My Swiftly Tilting Planet

  

There are some books we read when we are young – transcendent books, books that resonate and reverberate, that hit us as we fly through the outer space of intellectual and emotional growth and forever alter our orbits. Among these books, for millions of people, were Madeleine L’Engle’s A Wrinkle in Time and The Wind in the Door. (The others in the storyline were tremendous as well, but for me, it was these two that struck and shifted me.) I think maybe everyone has read Wrinkle, with its pantheon of fantastic characters: the madames Whatsit, Who, and Which; telepathic children; bodiless sadistic brains; tentacled caregivers; Happy Mediums; flying centaurs; and the incomparably brave and human Meg.
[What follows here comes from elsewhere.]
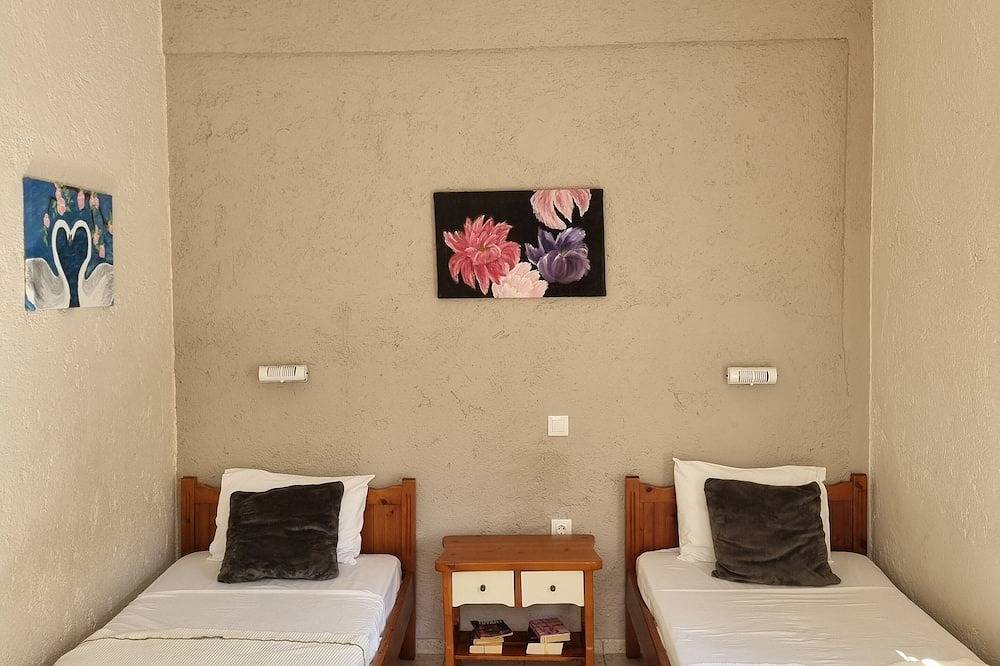 Central apartment just across the beach! in Plakias, Rethymno en omgeving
Wind was less widely-read, but to me even more poignant with its “drive of dragons” (the cherubim), mitochondriae, and Echthroi, and the fight to save Meg’s extraordinary little brother.

lengleL’Engle’s books were brilliant, and she utterly refused to treat her readers like little children who required easy ideas and easy words. She is known for having argued that children’s books are literature far too complicated to be understood by adults – and, especially in her case, she was right. Her books are packed with philosophy and science – we’re talking quantum physics and microbiology here, not sixth grade earth science – theology, existential exploration, good, evil, death, and the kind of characters and relationships that we feel lucky to encounter in adult lit.

A Wrinkle in Time starts with “It was a dark and stormy night,” and upon reading it we feel that it is the quintessential dark and stormy night, the one that started it all, the one that started everything. In Wrinkle, it isn’t cliche – it’s reassuring, and breath-taking, and signals you right from the beginning that now things are going to happen.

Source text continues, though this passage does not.